(What this task involves):
Without including any pictures, please copy every entry below exactly.

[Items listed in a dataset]
* * * *

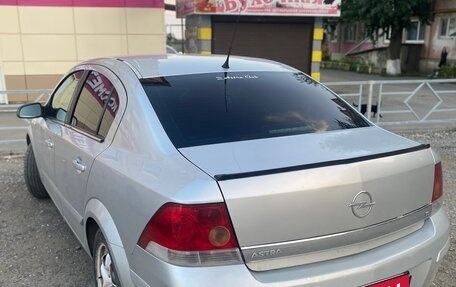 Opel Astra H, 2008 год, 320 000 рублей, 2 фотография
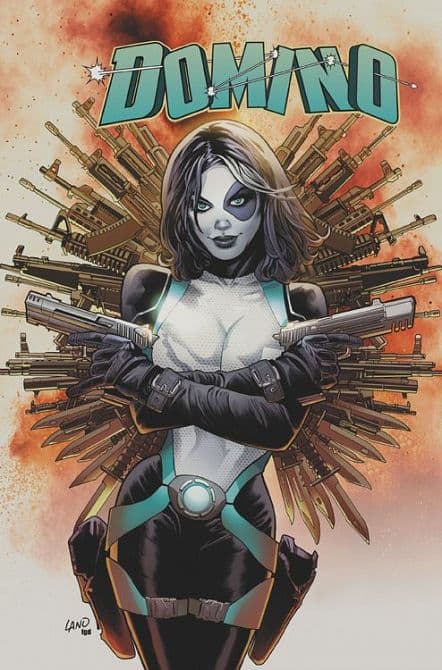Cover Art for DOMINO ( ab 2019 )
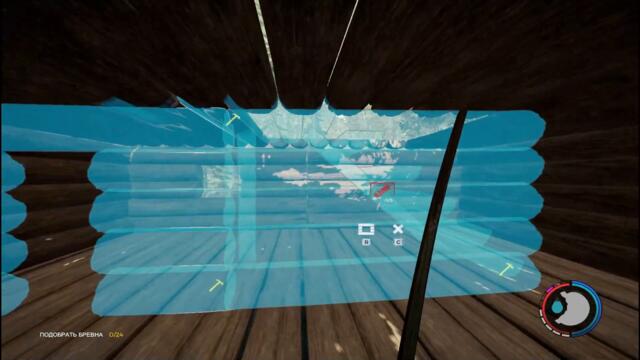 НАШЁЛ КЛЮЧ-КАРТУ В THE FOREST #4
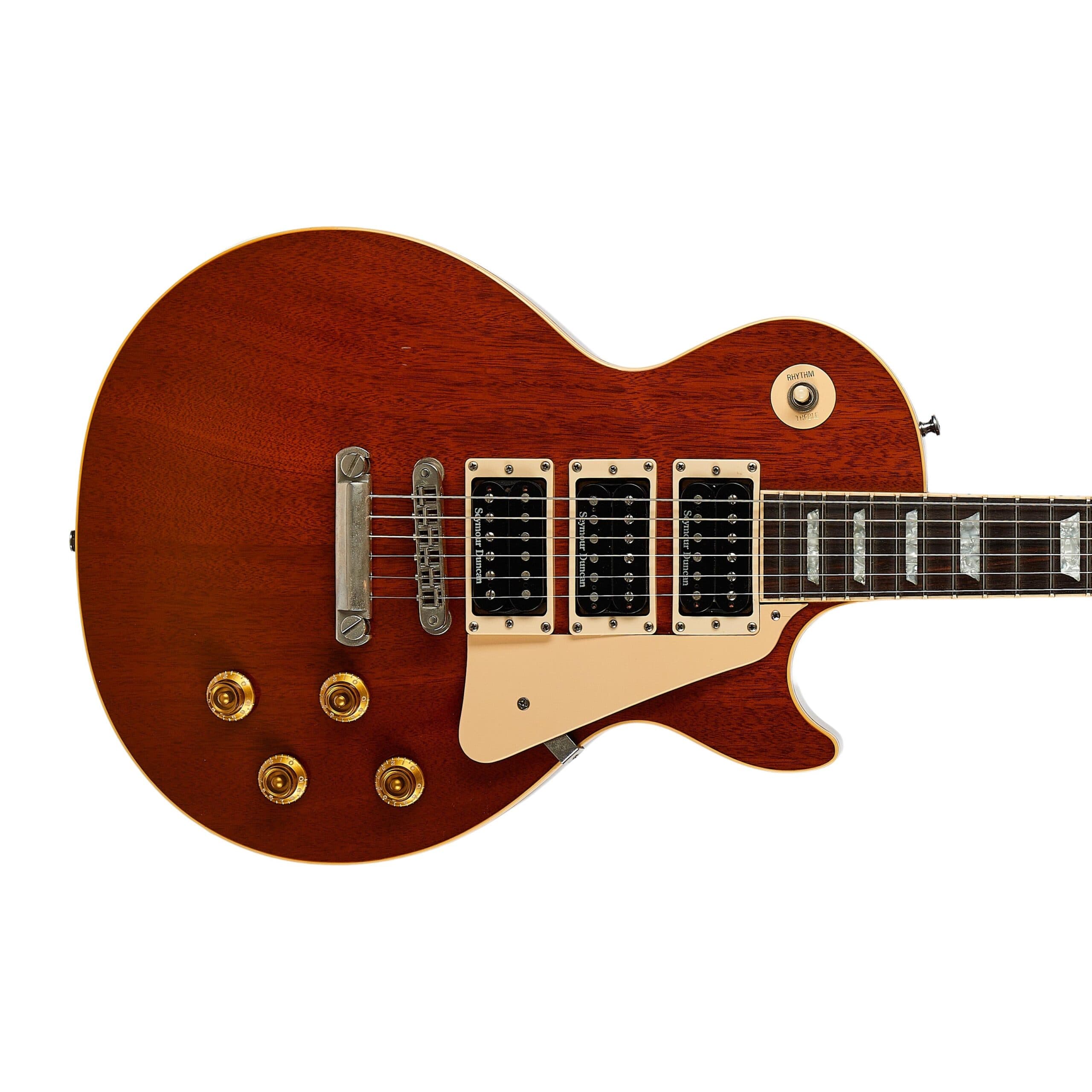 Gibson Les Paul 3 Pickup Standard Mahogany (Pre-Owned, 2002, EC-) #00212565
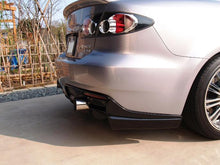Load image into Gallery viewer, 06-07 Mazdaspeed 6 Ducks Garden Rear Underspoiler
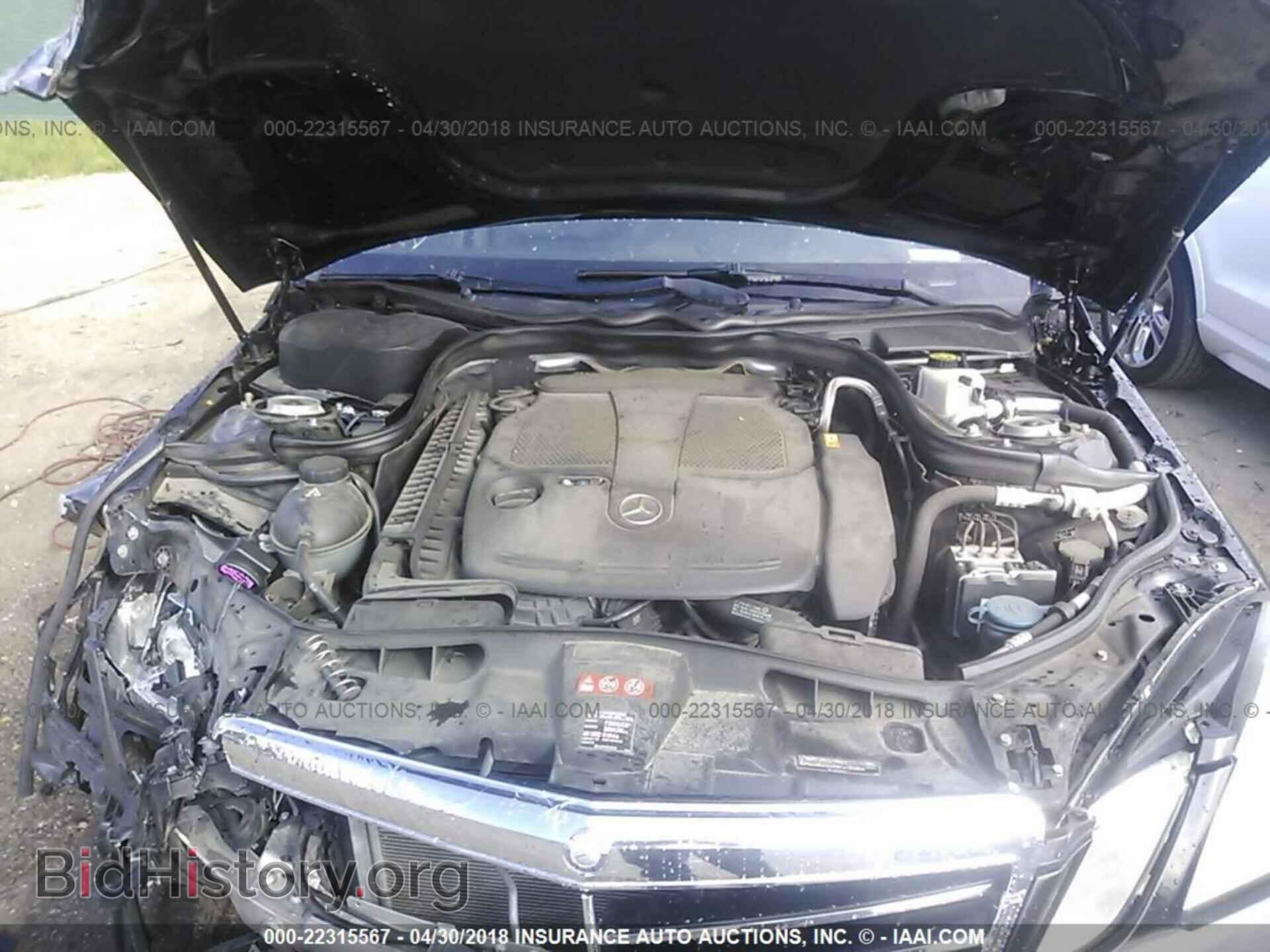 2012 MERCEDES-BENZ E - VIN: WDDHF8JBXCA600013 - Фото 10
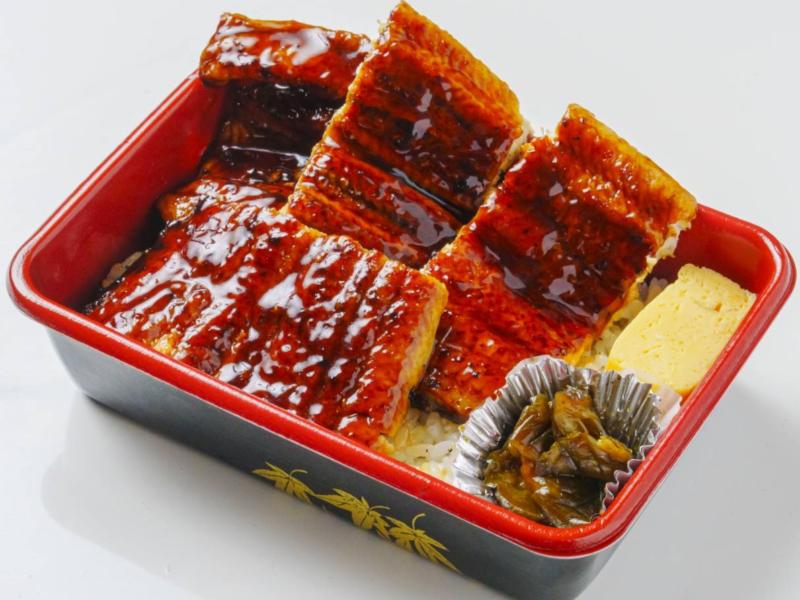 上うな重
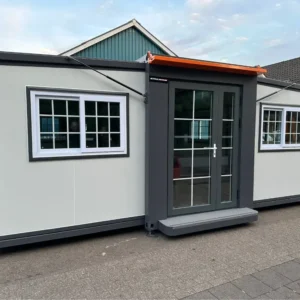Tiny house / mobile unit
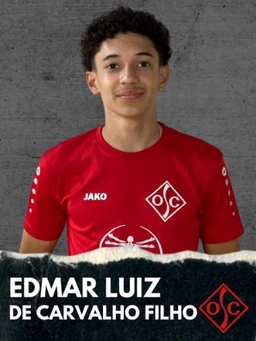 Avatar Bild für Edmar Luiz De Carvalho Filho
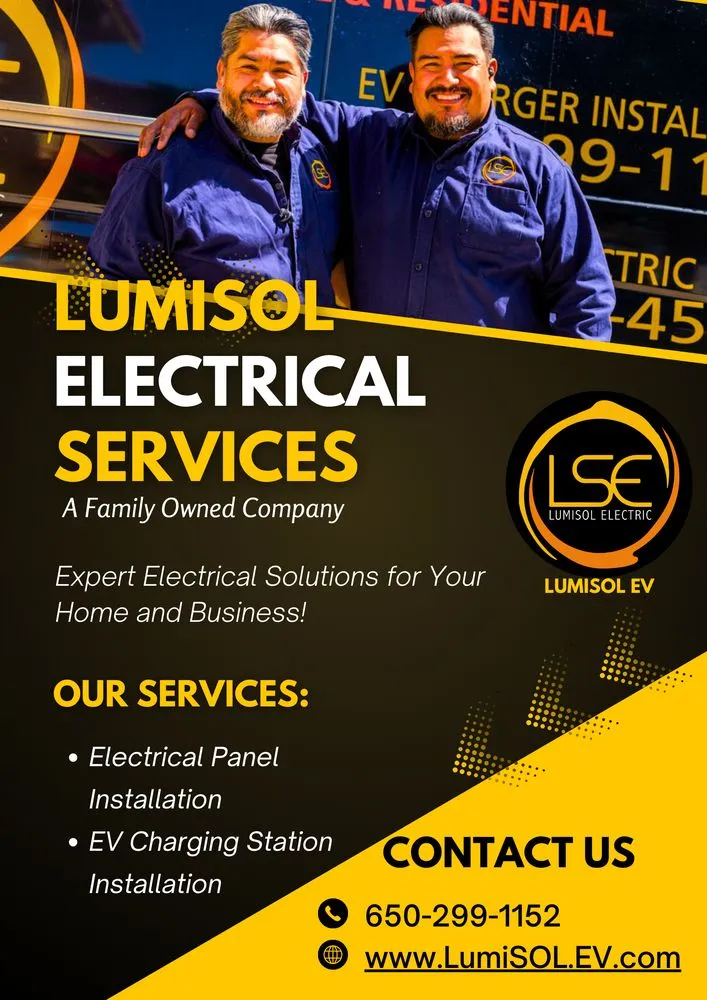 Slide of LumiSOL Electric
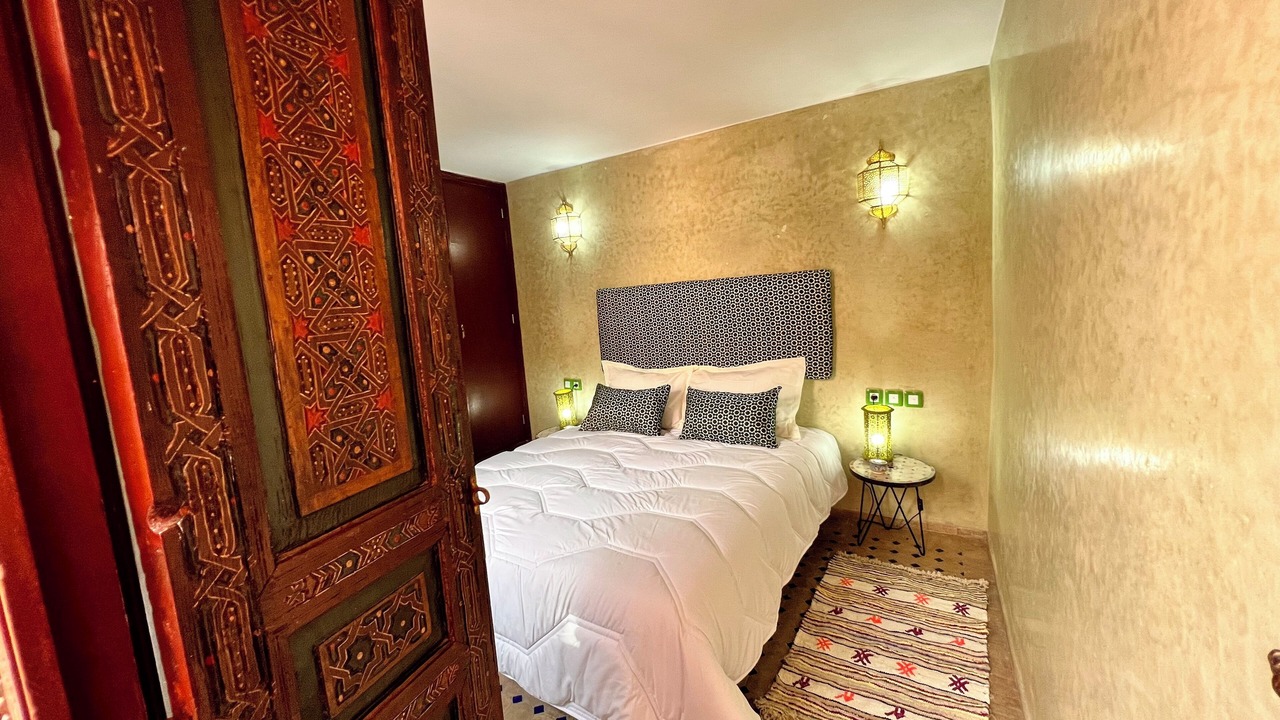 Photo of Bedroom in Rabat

* * * *

(Problem solution):
 Opel Astra H, 2008 год, 320 000 рублей, 2 фотография
Cover Art for DOMINO ( ab 2019 )
 НАШЁЛ КЛЮЧ-КАРТУ В THE FOREST #4
 Gibson Les Paul 3 Pickup Standard Mahogany (Pre-Owned, 2002, EC-) #00212565
Load image into Gallery viewer, 06-07 Mazdaspeed 6 Ducks Garden Rear Underspoiler
 2012 MERCEDES-BENZ E - VIN: WDDHF8JBXCA600013 - Фото 10
 上うな重
Tiny house / mobile unit
 Avatar Bild für Edmar Luiz De Carvalho Filho
 Slide of LumiSOL Electric
 Photo of Bedroom in Rabat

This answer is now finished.